L’estate breve

L’estate breve

 
 
 
 

L’estate come metafora della giovinezza, perché entrambe sono il “periodo più importante, quello in cui capitano le faccende essenziali” (p. 40), o che tali ci appaiono alla luce di quei lunghi giorni capaci di donarci l’illusione che persino l’infinito possa essere alla nostra portata.
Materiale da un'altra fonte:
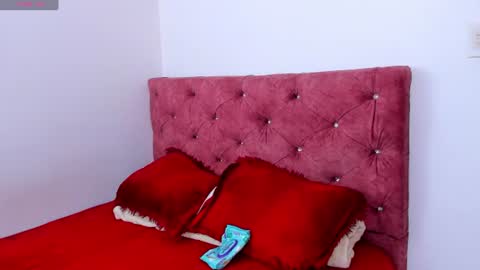 Snapshot of skyhotgirl chatting on June 9, 2026, 5:35 pm Sky online show from June 9, 2026, 5:35 pm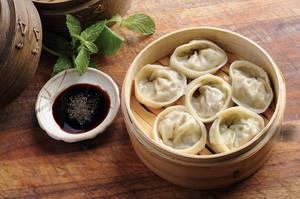 Vegetable & Cheese Momos (6 Pcs)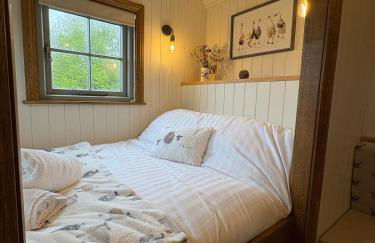 Shepherds Hut - Photo 12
Se ci limitassimo ai primi due terzi del libro, potrebbe essere questa una incompleta chiave di lettura de L’estate breve di Enrico Macioci, in uscita il 21 marzo per TerraRossa Edizioni, parziale riscrittura di Breve storia del talento (Mondadori, 2015). Amicizia, rivalità e passioni di un gruppo di ragazzini e ragazzine alle prese col delicato passaggio dall’infanzia all’adolescenza, in un condominio di provincia a cavallo tra gli anni Ottanta e Novanta.

L'estate breve

Tra le pagine, nel racconto in prima persona che è anzitutto dialogo con sé, tentativo di comprendere e di comprendersi, seguiamo il protagonista mentre le sue ambizioni calcistiche si infrangono contro il cristallino talento di Michele, nuovo arrivato nel condominio Prato Verde e suo futuro migliore amico: quasi un Glenn Gould del pallone, giunto a prendersi la scena sul campetto del quartiere per lasciare agli altri, a lui su tutti, il ruolo di ammirati comprimari.
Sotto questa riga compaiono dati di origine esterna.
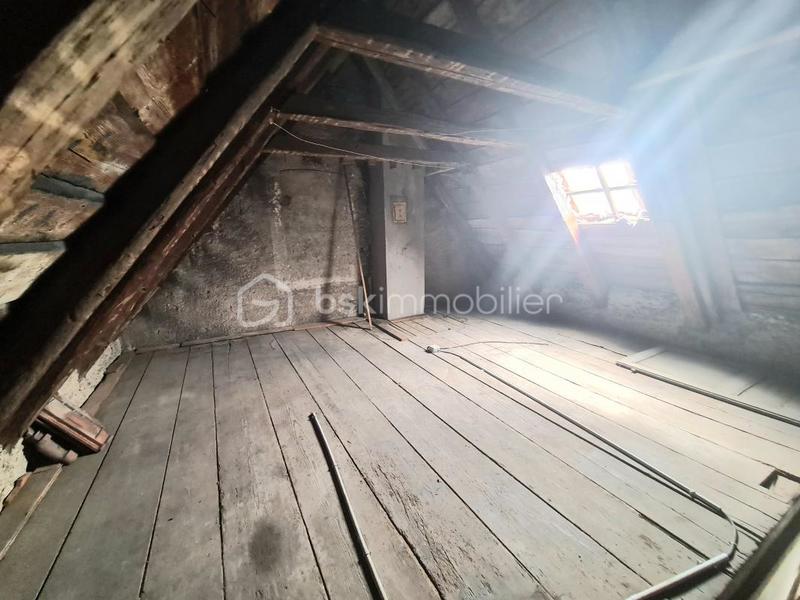 Maison - 122 m² - 6 pièces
E a una analoga parabola assistiamo, man mano che l’iniziale indifferenza nei confronti di Miriam, da sempre compagna di giochi, diviene attrazione e forse amore inconfessato, destinato a restare deluso, nel modo confuso e totale in cui ci si innamora e si resta delusi a quattordici anni.

Nel tempo dell’infanzia, preludio alla vita vera, in questa “introduzione a qualcosa di assai nebuloso e diverso” (p. 21), ci si può permettere di ridere per l’umiliazione del prossimo “in modo sguaiato, scambiandoci pacche d’intesa, piegati sulle ginocchia e tenendoci la pancia, appoggiandoci alle spalle o alla schiena del vicino” (p.33), perché “Eravamo tristemente, selvaggiamente felici: sperimentavamo con ingordigia il lato giusto dell’esclusione” (ibid.). Finché non arriva il proprio turno e ci si ritrova sul lato sbagliato, a subire la mortificazione del tradimento, la frustrazione per il desiderio inappagato, l’impotenza nella scoperta dei propri limiti al cospetto del mondo. A vivere la vergogna anche per gli istinti più naturali e quindi più puri: “Le due faccende — la masturbazione e la scrittura, specie delle poesie — mi sembravano connesse, in parte persino coincidenti. Entrambe causavano vergogna, entrambe richiedevano isolamento, entrambe si nutrivano di fantasia” (p. 78). Ma alla vergona, a questo pudore doloroso e scostante, e al conseguente tentativo di nascondersi, si accompagna il sotterraneo desiderio di venire scoperti, forse nell’ingenua speranza che, rimosso l’ultimo velo, rimanga da fronteggiare solo la libertà.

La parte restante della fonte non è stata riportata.